#### WORK ITEM:
Complete, exact copies of all entries are needed.

(Brief descriptive captions)
━━━━━━

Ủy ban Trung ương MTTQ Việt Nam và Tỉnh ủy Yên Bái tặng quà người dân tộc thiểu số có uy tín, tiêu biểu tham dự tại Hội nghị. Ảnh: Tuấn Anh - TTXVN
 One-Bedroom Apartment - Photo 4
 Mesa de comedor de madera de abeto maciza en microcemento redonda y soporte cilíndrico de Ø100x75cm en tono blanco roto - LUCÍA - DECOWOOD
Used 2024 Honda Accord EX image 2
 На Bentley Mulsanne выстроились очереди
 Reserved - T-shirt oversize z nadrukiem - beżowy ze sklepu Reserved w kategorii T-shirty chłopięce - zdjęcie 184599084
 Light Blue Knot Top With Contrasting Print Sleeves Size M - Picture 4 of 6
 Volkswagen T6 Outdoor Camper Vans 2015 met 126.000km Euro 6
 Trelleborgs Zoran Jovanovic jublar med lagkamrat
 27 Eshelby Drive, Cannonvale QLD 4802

━━━━━━

#### ANSWER SPACE:
Ủy ban Trung ương MTTQ Việt Nam và Tỉnh ủy Yên Bái tặng quà người dân tộc thiểu số có uy tín, tiêu biểu tham dự tại Hội nghị. Ảnh: Tuấn Anh - TTXVN
 One-Bedroom Apartment - Photo 4
 Mesa de comedor de madera de abeto maciza en microcemento redonda y soporte cilíndrico de Ø100x75cm en tono blanco roto - LUCÍA - DECOWOOD
Used 2024 Honda Accord EX image 2
 На Bentley Mulsanne выстроились очереди
 Reserved - T-shirt oversize z nadrukiem - beżowy ze sklepu Reserved w kategorii T-shirty chłopięce - zdjęcie 184599084
 Light Blue Knot Top With Contrasting Print Sleeves Size M - Picture 4 of 6
 Volkswagen T6 Outdoor Camper Vans 2015 met 126.000km Euro 6
 Trelleborgs Zoran Jovanovic jublar med lagkamrat
 27 Eshelby Drive, Cannonvale QLD 4802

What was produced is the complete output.